• [Work required]:
Transcribe, exactly and in full, every record shown below, while omitting its images.

──────────

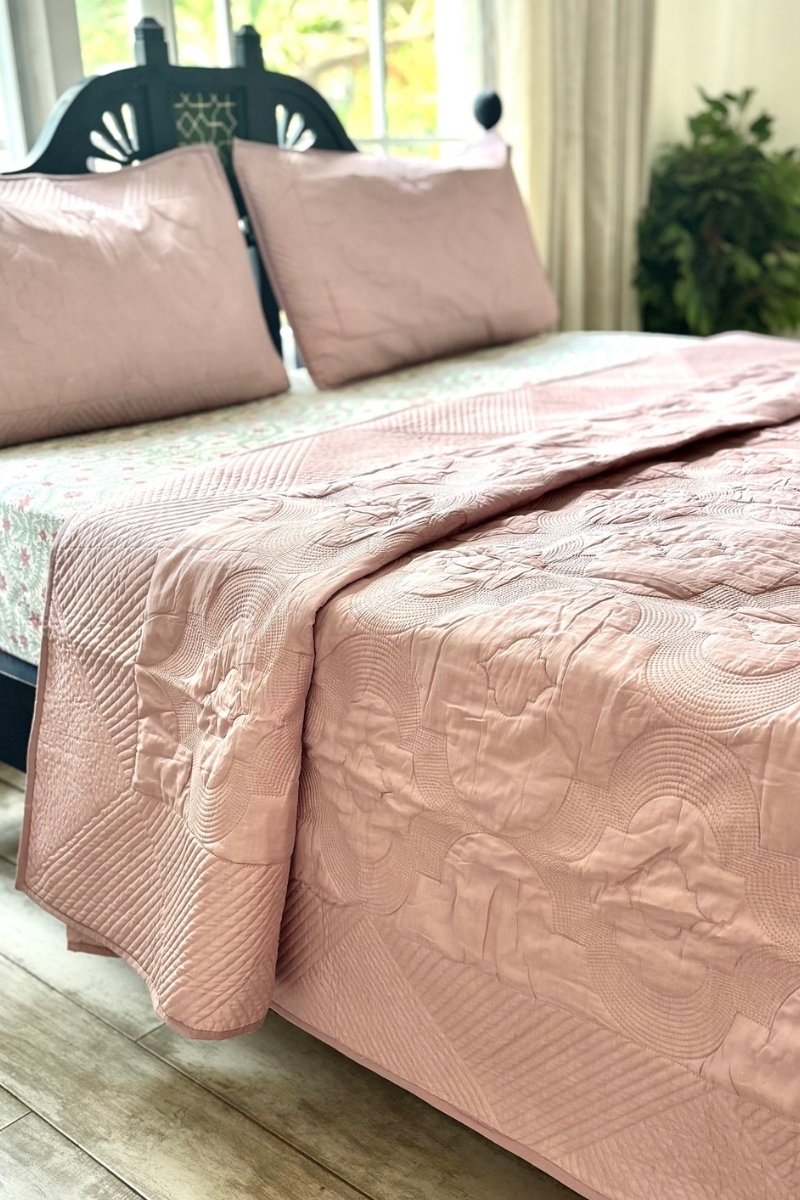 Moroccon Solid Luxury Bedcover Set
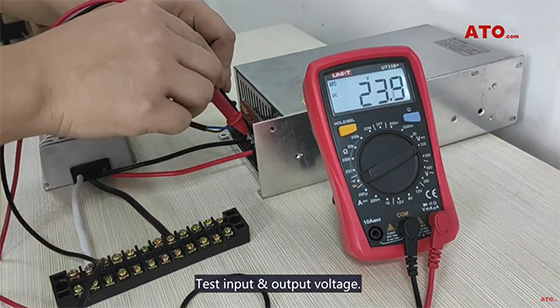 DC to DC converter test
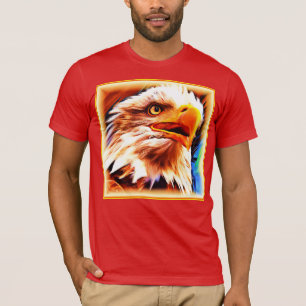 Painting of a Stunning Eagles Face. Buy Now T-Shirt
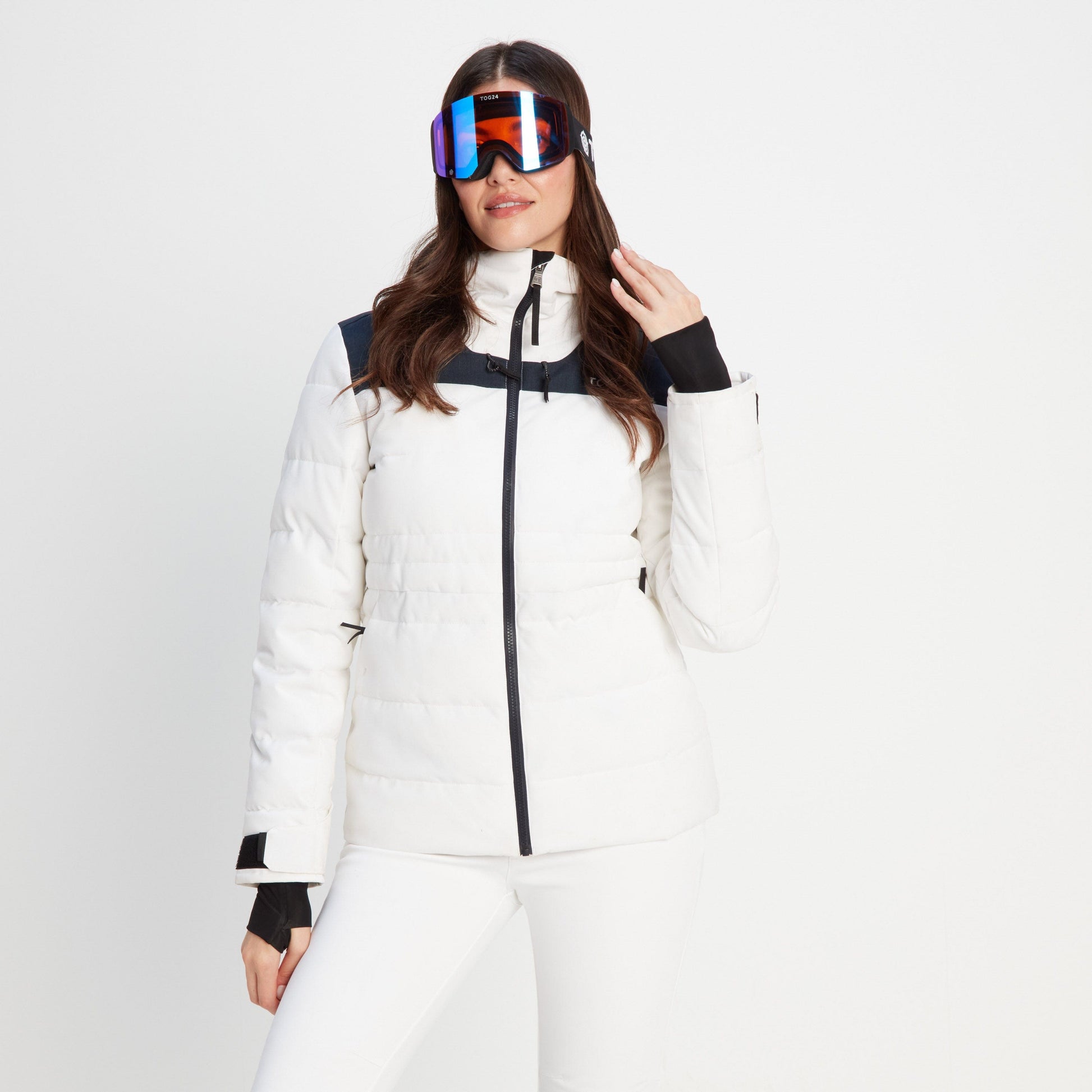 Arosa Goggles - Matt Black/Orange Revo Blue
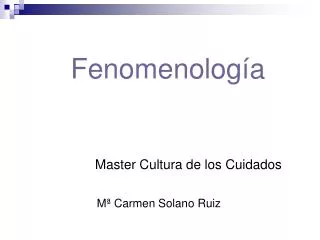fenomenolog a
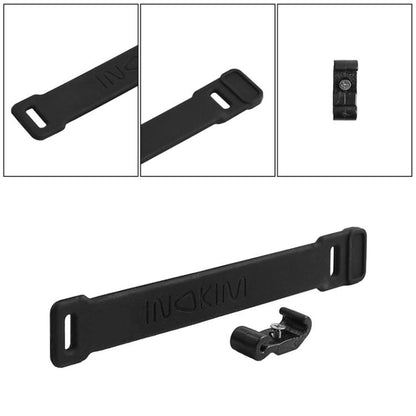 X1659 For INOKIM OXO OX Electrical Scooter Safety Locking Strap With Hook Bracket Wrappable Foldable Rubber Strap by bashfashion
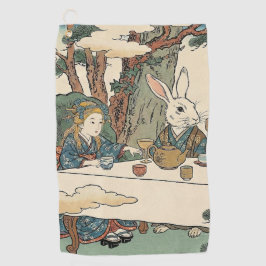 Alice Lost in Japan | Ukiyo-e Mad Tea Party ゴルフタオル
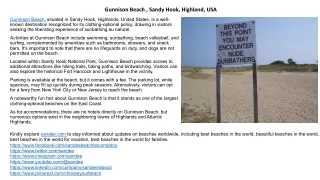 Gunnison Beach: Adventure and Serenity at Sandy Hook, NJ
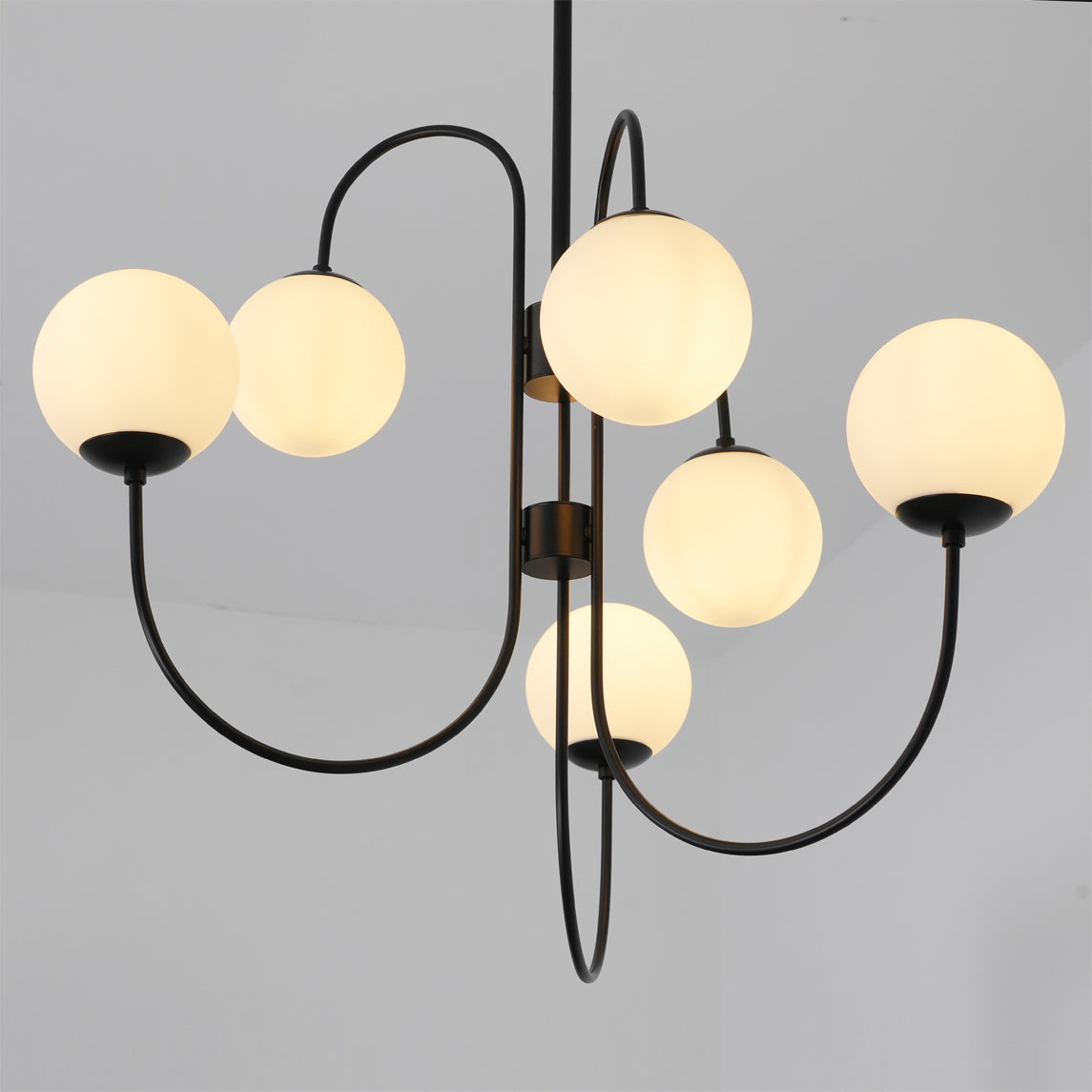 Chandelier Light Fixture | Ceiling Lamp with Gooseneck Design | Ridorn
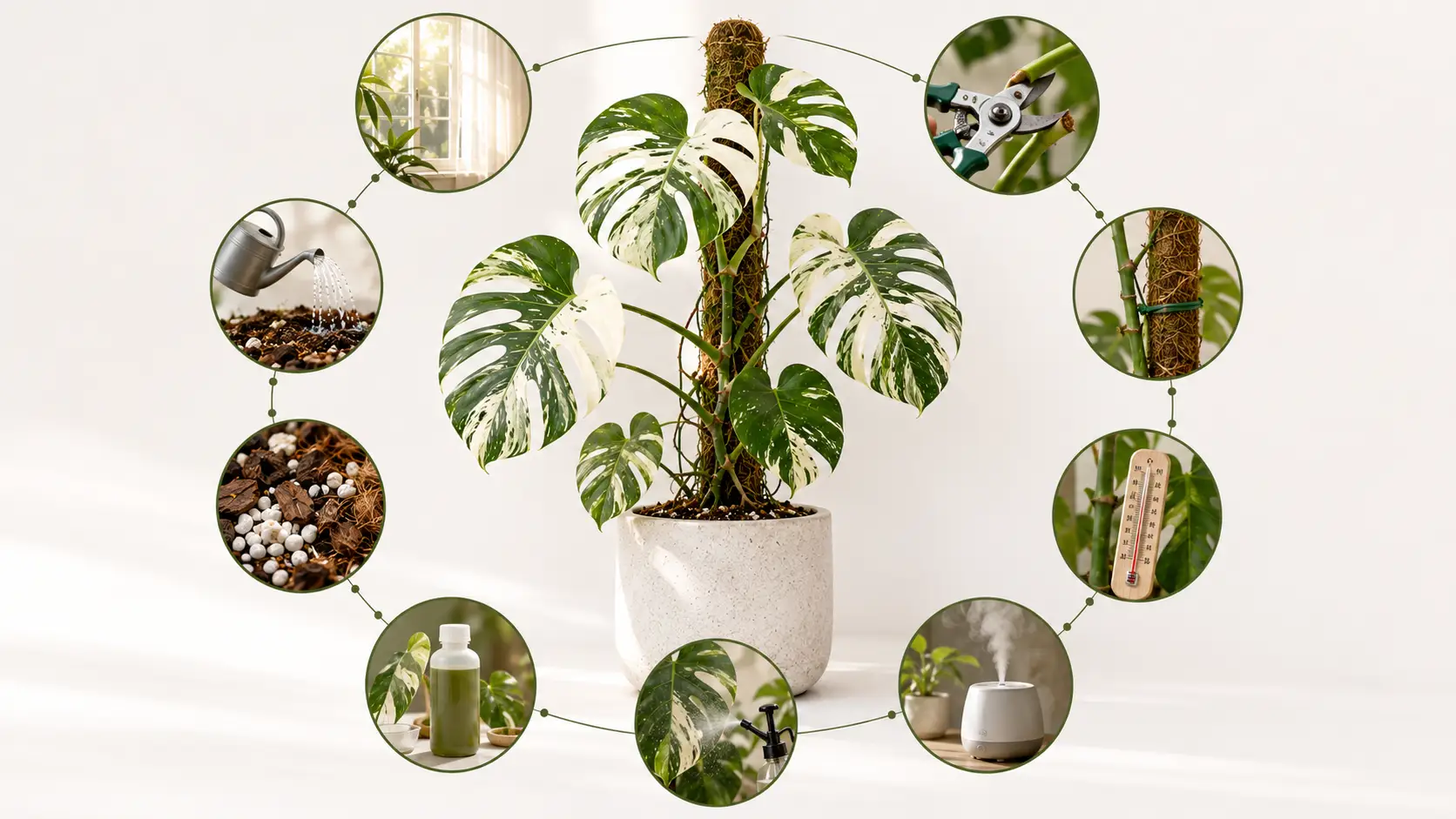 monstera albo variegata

──────────

• [Response below]:
 Moroccon Solid Luxury Bedcover Set
 DC to DC converter test
 Painting of a Stunning Eagles Face. Buy Now T-Shirt
 Arosa Goggles - Matt Black/Orange Revo Blue
fenomenolog a
 X1659 For INOKIM OXO OX Electrical Scooter Safety Locking Strap With Hook Bracket Wrappable Foldable Rubber Strap by bashfashion
 Alice Lost in Japan | Ukiyo-e Mad Tea Party ゴルフタオル
 Gunnison Beach: Adventure and Serenity at Sandy Hook, NJ
 Chandelier Light Fixture | Ceiling Lamp with Gooseneck Design | Ridorn
 monstera albo variegata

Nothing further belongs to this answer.